───── MATERIAL FOR THIS TASK

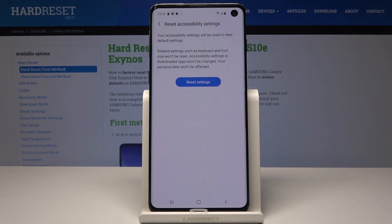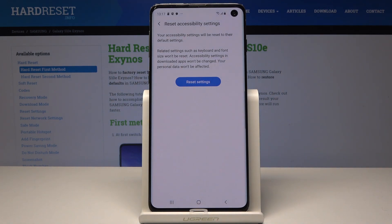Just click on it. Your accessibility settings will be reset to their default settings. Related settings such as keyboard and font size won't be reset. Accessibility settings and downloaded apps won't be changed, and your personal data won't be affected.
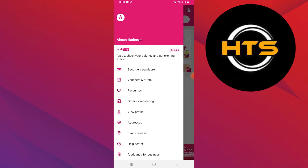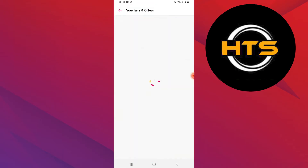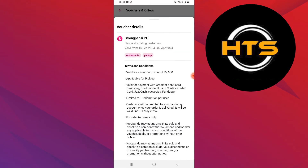Tap on the option vouchers and offers from the pop-up menu. You will see your voucher. Tap on details showing in pink. You will see the voucher details with the terms and conditions. Review all the terms and conditions and continue.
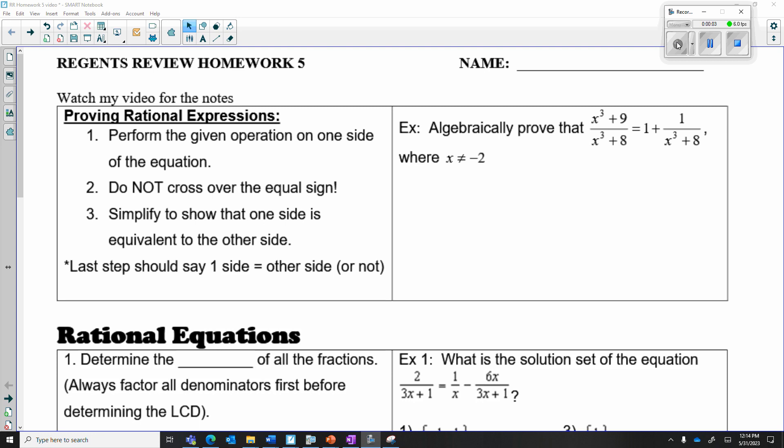Hi everyone. Today we're going to finish recapping the lesson for today. We're going to talk more about rationals and radicals, and we are going to follow up on the packet from classwork.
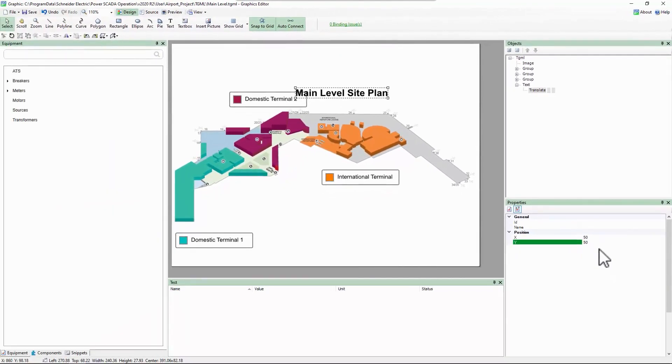With that, let's try binding some values and testing them in the preview mode. Until then, thank you.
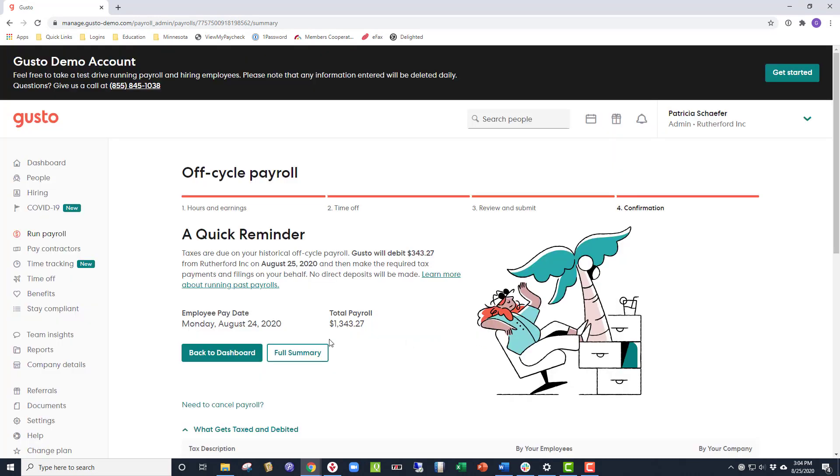There. Now payroll is submitted and the taxes will be withdrawn from your account and you have completed running an off-cycle payroll.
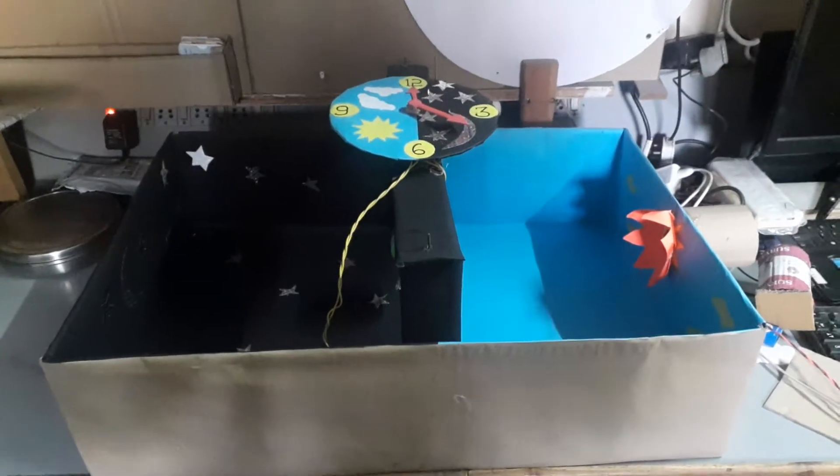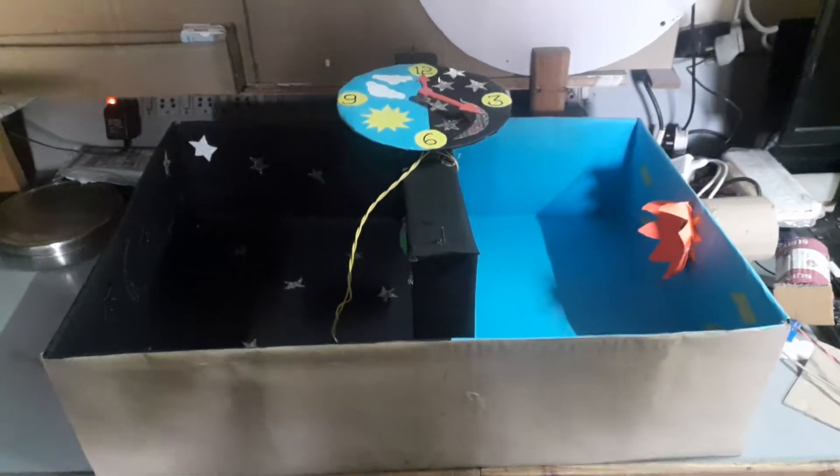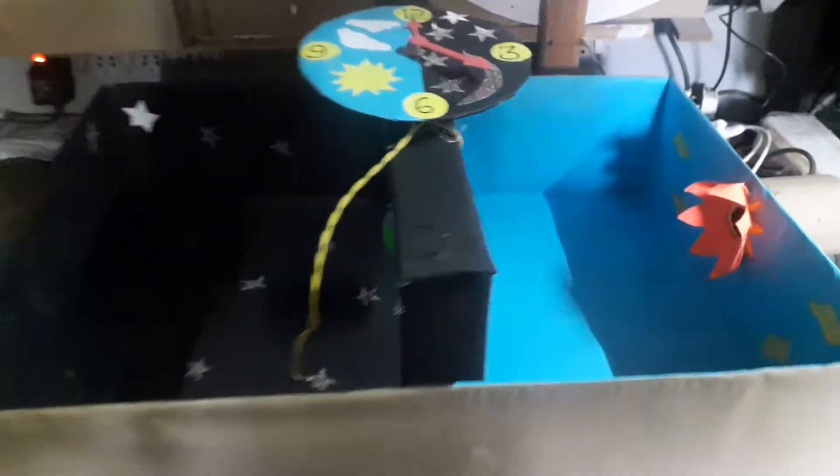The project name is Day Night Solar System. In this, the sun is represented by an electric bulb as well as a torch light. The electric bulb is to be inserted into this hole.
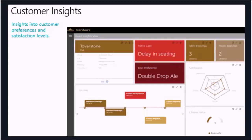When this goes through further iterations, you'll be able to create your own Customer Insights templates as well — you'll be able to build your own templates that make the most sense for your customers and your customers' customers. But this is really where things are going, and again it's all about taking advantage of the cloud and all the data that lives there.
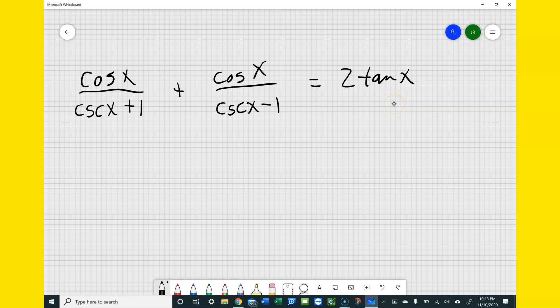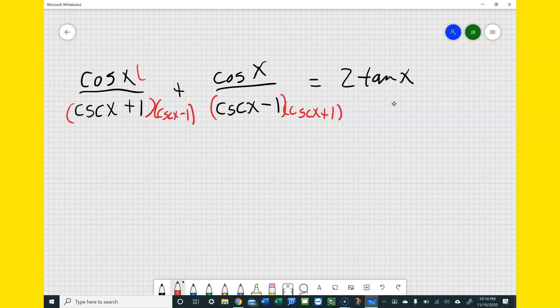Hey Rebecca, I'm going to try to go through these three problems. I'm not exactly sure how I'm going to attack each one, but we'll see what happens as we go. For this first problem, I'm going to try to get a common denominator and combine the two fractions into one. I'll multiply the denominators by each other, and whatever I do on the bottom I need to do on the top as well so I don't change the values of the fraction.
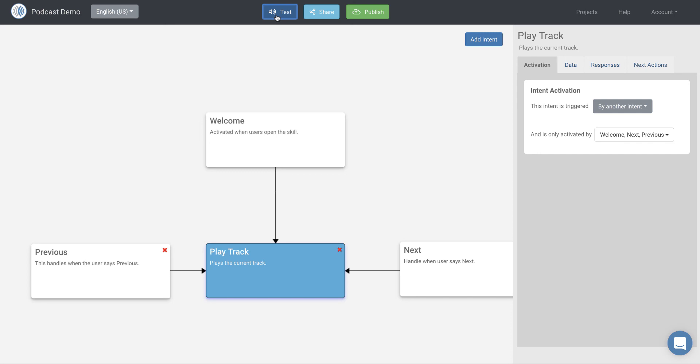And you can build out your podcast or streaming audio skill very quickly using voiceapps.com. So great. I hope you enjoyed that. Look for other videos on our YouTube channel or on our website. And we hope to see you at voiceapps.com and see what you build.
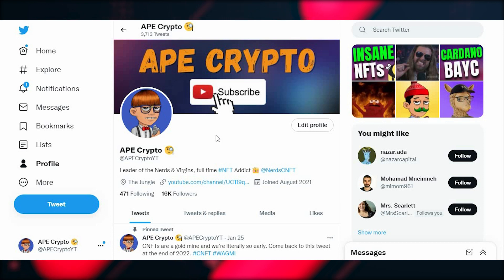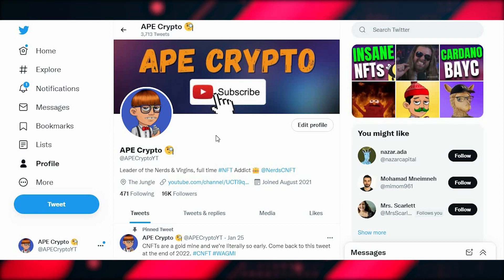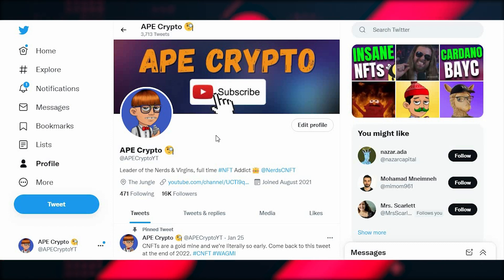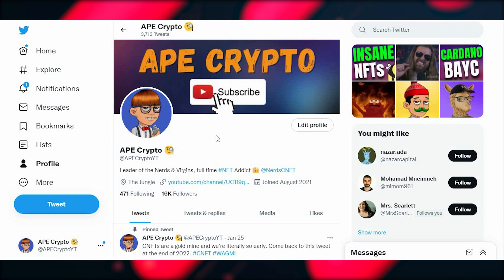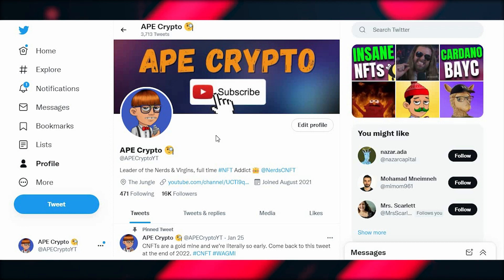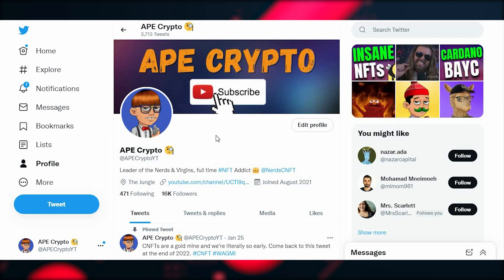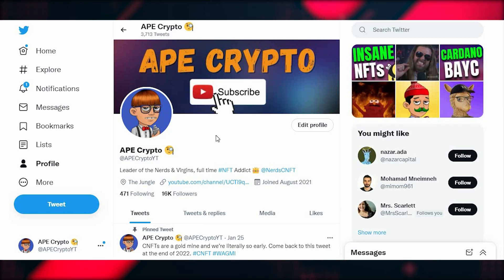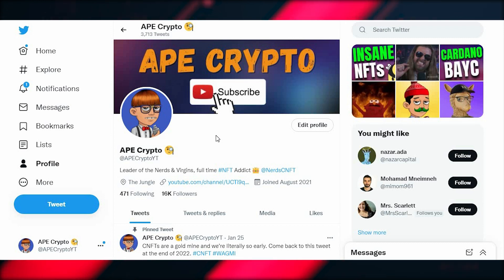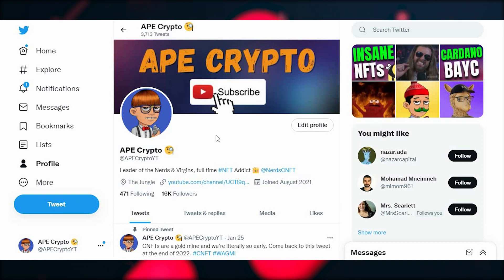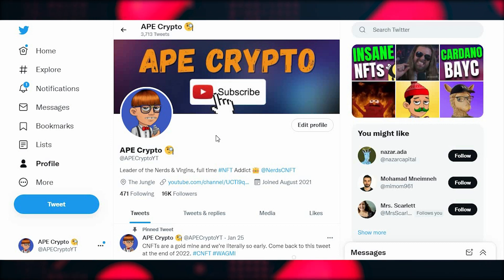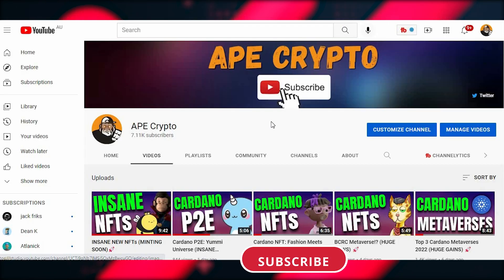As a beginner you're pretty much set from here. I'd recommend getting a Twitter account and following the people I put in the description, as well as getting a Discord account — this is how you interact with communities and get a feel for whether a project is legit. You want good engagement, active devs, and visible hype on Twitter and Discord. I'll jump into what makes a good project in another video — this one is just about getting set up and rolling in the CNFT space, which can be very profitable.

──────────

YOUR OBJECTIVE
Copy out exactly the lines between the line that contains "And you can" and the last line of the records, both ends included; leave out every picture.

YOUR SOLUTION
And you can build out your podcast or streaming audio skill very quickly using voiceapps.com. So great. I hope you enjoyed that. Look for other videos on our YouTube channel or on our website. And we hope to see you at voiceapps.com and see what you build.
As a beginner you're pretty much set from here. I'd recommend getting a Twitter account and following the people I put in the description, as well as getting a Discord account — this is how you interact with communities and get a feel for whether a project is legit. You want good engagement, active devs, and visible hype on Twitter and Discord. I'll jump into what makes a good project in another video — this one is just about getting set up and rolling in the CNFT space, which can be very profitable.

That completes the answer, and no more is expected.